予め相続放棄できるか
相談内容私たちは3人兄弟ですが、長男は親や私たちとも円満な関係を欠き迷惑をかけてきたことから、
父が死亡した場合に相続でもめるのではないかと心配です。
父はまだ健在ですが、今のうちに父の相続につき長男に放棄させるようなことは可能ですか。

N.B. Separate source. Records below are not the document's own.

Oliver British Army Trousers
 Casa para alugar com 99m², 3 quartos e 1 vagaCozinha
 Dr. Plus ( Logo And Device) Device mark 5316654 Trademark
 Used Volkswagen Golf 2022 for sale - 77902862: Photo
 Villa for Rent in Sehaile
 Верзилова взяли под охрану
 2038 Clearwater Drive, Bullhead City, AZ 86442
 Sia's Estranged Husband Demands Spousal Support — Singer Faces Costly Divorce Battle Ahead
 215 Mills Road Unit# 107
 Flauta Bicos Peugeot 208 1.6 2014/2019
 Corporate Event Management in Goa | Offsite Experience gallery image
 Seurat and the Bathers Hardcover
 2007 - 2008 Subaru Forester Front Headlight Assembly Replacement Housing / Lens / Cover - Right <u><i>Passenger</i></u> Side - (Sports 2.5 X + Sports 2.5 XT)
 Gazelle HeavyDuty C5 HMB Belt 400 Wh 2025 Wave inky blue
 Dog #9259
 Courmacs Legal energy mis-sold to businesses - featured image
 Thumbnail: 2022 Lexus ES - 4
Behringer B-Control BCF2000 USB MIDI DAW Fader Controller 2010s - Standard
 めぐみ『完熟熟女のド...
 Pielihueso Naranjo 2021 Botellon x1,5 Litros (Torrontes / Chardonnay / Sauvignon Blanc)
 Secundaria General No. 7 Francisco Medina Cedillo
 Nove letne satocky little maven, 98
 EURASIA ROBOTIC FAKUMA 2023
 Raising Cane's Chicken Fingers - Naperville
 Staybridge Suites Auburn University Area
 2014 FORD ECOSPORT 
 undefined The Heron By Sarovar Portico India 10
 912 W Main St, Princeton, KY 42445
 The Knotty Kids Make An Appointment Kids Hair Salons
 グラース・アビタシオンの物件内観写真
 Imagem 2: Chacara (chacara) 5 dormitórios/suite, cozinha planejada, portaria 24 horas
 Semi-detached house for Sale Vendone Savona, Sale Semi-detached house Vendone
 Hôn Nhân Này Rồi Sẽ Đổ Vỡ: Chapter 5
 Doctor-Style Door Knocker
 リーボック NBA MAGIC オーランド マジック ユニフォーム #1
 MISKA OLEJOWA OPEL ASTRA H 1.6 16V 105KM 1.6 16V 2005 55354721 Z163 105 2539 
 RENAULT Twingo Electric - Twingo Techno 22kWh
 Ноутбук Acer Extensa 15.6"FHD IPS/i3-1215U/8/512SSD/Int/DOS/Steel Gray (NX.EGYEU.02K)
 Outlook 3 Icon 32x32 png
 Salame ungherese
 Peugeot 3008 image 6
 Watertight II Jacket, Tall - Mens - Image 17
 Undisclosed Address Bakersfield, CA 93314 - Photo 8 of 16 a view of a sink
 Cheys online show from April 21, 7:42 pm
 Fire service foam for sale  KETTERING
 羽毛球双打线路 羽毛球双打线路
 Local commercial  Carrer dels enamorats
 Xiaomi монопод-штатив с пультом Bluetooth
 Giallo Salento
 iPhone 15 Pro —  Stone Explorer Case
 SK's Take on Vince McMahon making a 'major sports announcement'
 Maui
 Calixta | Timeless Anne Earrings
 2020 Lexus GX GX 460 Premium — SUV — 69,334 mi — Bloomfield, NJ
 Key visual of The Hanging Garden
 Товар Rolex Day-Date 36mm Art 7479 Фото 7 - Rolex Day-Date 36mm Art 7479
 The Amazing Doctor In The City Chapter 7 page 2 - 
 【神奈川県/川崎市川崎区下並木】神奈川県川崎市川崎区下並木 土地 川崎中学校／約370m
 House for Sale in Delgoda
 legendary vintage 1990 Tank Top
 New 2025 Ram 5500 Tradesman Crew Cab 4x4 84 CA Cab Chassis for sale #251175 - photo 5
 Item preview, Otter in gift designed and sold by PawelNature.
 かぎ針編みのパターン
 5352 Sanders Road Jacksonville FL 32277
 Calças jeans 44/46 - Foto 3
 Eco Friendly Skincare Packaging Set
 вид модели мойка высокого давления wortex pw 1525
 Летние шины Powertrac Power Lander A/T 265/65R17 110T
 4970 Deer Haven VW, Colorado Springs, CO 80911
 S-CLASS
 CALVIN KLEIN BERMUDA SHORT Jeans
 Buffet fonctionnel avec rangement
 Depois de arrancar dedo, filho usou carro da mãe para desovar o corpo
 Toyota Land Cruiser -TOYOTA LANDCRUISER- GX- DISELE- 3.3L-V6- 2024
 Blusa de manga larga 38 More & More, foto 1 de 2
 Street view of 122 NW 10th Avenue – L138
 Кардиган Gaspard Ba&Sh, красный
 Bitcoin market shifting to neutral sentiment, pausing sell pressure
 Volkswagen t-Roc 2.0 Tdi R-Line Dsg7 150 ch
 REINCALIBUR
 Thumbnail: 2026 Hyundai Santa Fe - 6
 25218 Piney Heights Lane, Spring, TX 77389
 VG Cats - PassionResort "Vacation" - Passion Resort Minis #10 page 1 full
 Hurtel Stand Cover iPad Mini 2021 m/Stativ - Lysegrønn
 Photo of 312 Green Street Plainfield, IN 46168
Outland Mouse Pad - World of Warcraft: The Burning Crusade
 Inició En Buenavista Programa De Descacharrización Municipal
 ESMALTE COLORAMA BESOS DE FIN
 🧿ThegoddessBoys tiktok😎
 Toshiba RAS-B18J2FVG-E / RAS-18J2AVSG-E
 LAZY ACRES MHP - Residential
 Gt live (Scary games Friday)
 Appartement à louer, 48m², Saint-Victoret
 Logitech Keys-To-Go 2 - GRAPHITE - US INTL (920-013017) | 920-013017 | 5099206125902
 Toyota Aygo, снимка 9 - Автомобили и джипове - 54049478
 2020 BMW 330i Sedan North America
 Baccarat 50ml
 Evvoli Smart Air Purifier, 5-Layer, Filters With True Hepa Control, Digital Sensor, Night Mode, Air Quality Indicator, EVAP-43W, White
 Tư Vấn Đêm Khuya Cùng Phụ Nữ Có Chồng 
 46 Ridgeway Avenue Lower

解答相続の放棄については、「自己のために相続の開始があったことを知ったときから3カ月以内に
しなければならない。」と規定されており、お父さんの相続は死亡により開始することから、
お父さんが生存中に予め長男に相続放棄をしてもらうことはできません。
年齢等からしても通常、お父さんは長男より先に死亡すると予想されますが、長男も事故や病気に
よりお父さんより先に死亡することがないとは言えません。
お父さんの相続人等は死亡したときに確定するので、確定してもいない相続を予め放棄することは
できないのです。
予め相続放棄をすることはできませんが、相続開始前に家庭裁判所の許可を得て遺留分の放棄をして
もらうことは可能です。
遺留分の放棄が認められると、お父さんは遺言により長男の遺留分への配慮をせずに遺産の処分を
決めることができますが、家庭裁判所では遺留分の放棄の許可に当たり、長男の意思を確認するほか
長男が放棄する理由の合理性、代わりに受ける利益等を総合して判断されるので、これらの点で相当
な理由がないと許可は難しいとされています。